The production’s backdrop--the card games, the schmoozing, the bike runs, the torpor, the spotless, glazed apartments and orange trees--is a sublime visual footnote that the alternating directors, Calvin Skaggs and Tony Drazan, catch with a piquant, ironic touch.

The themes are inter-related. These retirees are not rich by any means. They’re bookkeepers and government workers and schoolteachers who live on pensions, but they do live a whole lot better than most people (aging or otherwise). They are not necessarily lovable retirees, and they’re not cute or merely ailing. They are success stories and a shot in the arm for a growing group of people too long ignored.

Anybody who’s dealt with parents or grandparents in the throes of resettlement will immediately connect with these vibrant senior citizens. And it’s the adult children, over-solicitous and guilty, who squabble and act like the jerks, not the old people, who really want to be independent and left alone.

One of the characters (Harold Gould) in tonight’s opening episode has the honesty to admit that he doesn’t even like his own children, let alone love them. “Where’s it written you have to love your children?” That kind of candor underscores the felicitous writing by adapter Ron Ribman.
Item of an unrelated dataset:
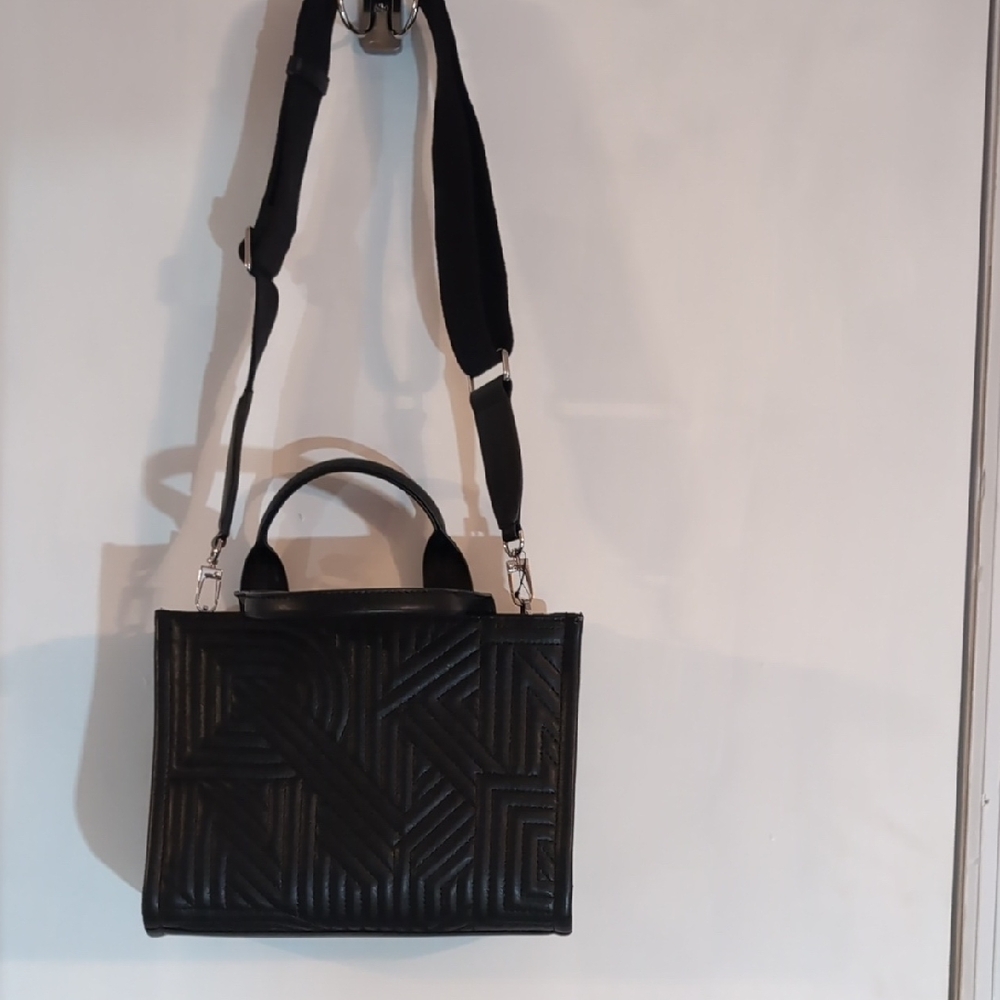 Chic Black Quilted Handbag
There’s humor and fireworks here, too. Tonight’s show, “Yiddish,” is the most dramatically daring. Gould plays a husband in his 70s, bored with his vulgar spouse (a wonderful performance by Doris Roberts), who falls in love with a married retiree (the dreamy, soft-smiled Tresa Hughes). Their love affair is propelled by their common bond of Yiddish (which they frequently speak and which is subtitled).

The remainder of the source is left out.